Angela Jurdak Khoury (September 24, 1915 - May 29, 2011) was a Lebanese diplomat and college professor based in Washington, D.C.

Early life
Angela Jurdak was born in Dhour El Choueir, in the Mount Lebanon Mutasarrifate (Modern day Lebanon) the daughter of Mansur Hanna Jurdak (1881-1964), a mathematician and astronomer on the faculty of the American University of Beirut, and Leah Abs Jurdak. Angela Jurdak attended the American Junior College for Women and then the American University of Beirut, completing undergraduate studies in 1937 and a master's degree in 1938, in sociology. Later in life, she earned a PhD in international relations, from American University in Washington D.C. 

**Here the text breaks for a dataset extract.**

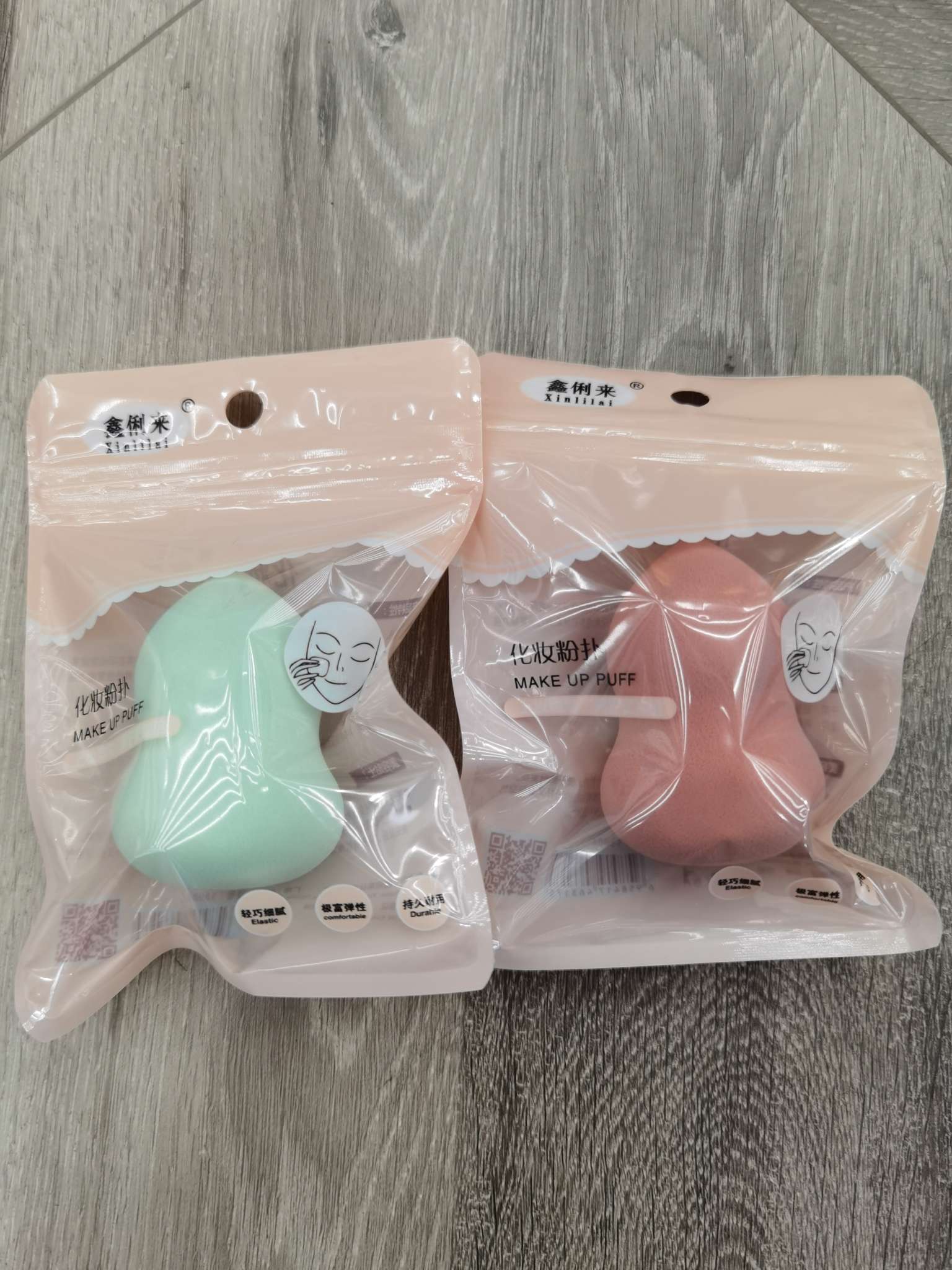 58004 bagged gourd pounce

As a young woman, Jurdak was a member of the Lebanese national tennis team, played piano in concerts, and was known as a long-distance swimmer.

Career
Angela Jurdak taught sociology at the American University of Beirut beginning in 1938, the university's first woman instructor. She served as assistant director of the Allied Powers Radio Poll for Syria, Lebanon, and Palestine during World War II. After the war, she joined the Lebanese delegation to the United Nations and was a member of the Legation of Lebanon based in Washington, D.C. She was the first woman diplomat from Lebanon. She was Lebanese consul in New York for a time, and served on the United Nations Commission on the Status of Women at its founding in 1946. She resigned from her work with the Lebanese Ministry of Foreign Affairs in 1966.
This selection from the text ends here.